TASK BRIEF: Within the entries below, please retype exactly the lines starting with the line that has "You Think You" and going on through the line that has "The Wine Savant by Michael Steinberger", but not the pictures.

SOURCE DATA:
▼
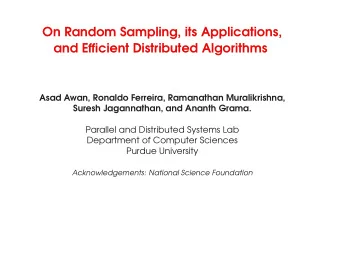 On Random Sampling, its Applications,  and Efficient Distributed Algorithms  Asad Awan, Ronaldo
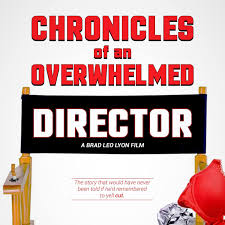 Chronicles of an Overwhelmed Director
▲
▼
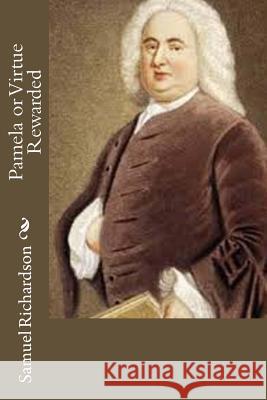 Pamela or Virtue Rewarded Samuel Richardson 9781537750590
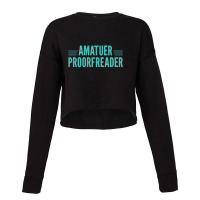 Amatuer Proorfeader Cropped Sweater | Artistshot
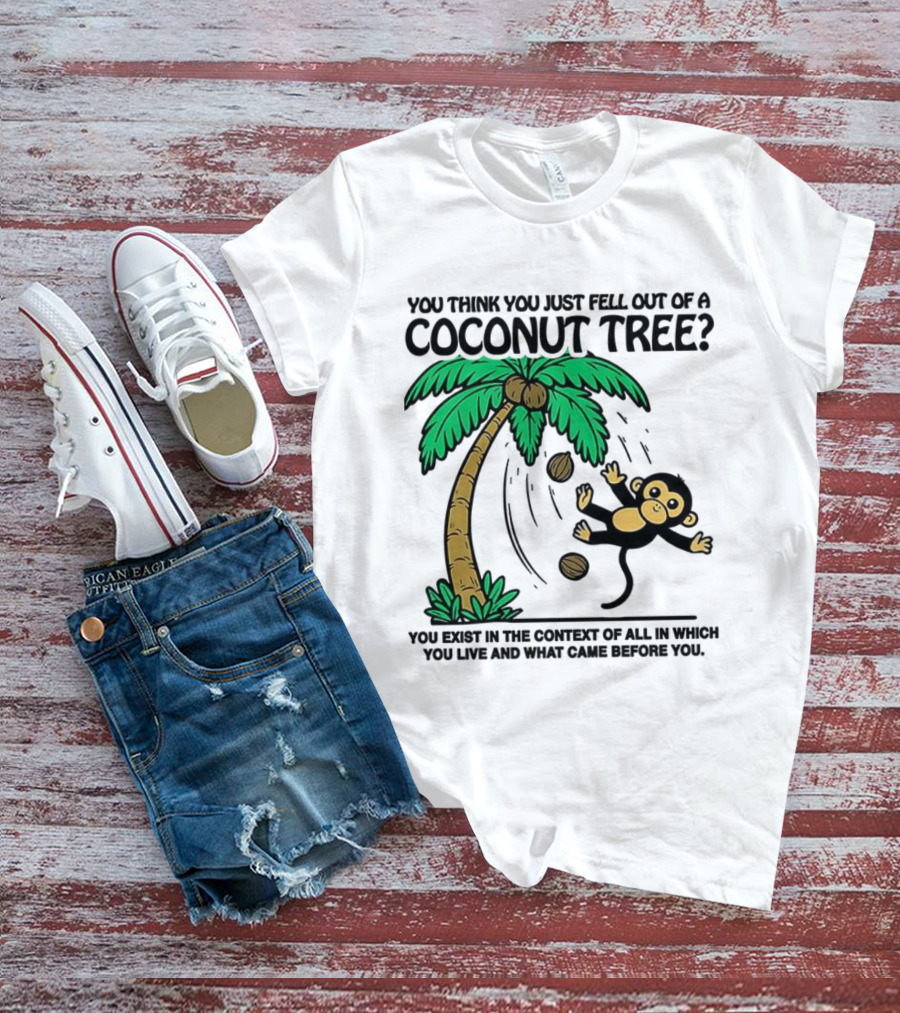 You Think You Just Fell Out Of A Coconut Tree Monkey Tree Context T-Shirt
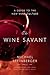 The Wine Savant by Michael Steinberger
▲
OUTPUT OF THE EXERCISE:
 You Think You Just Fell Out Of A Coconut Tree Monkey Tree Context T-Shirt
 The Wine Savant by Michael Steinberger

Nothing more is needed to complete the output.